MATERIAL PROVIDED: Begin
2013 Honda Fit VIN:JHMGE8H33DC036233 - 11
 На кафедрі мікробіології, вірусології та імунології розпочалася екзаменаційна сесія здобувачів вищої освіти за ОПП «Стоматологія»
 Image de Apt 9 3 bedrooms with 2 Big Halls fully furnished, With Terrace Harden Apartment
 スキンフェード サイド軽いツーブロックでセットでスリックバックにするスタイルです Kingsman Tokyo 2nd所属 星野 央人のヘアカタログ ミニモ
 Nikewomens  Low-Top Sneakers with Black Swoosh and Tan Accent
MATERIAL PROVIDED: End
Exactly one number is the answer: how many lines of the entries contain the string "with".

#### RESPONSE BOX:
2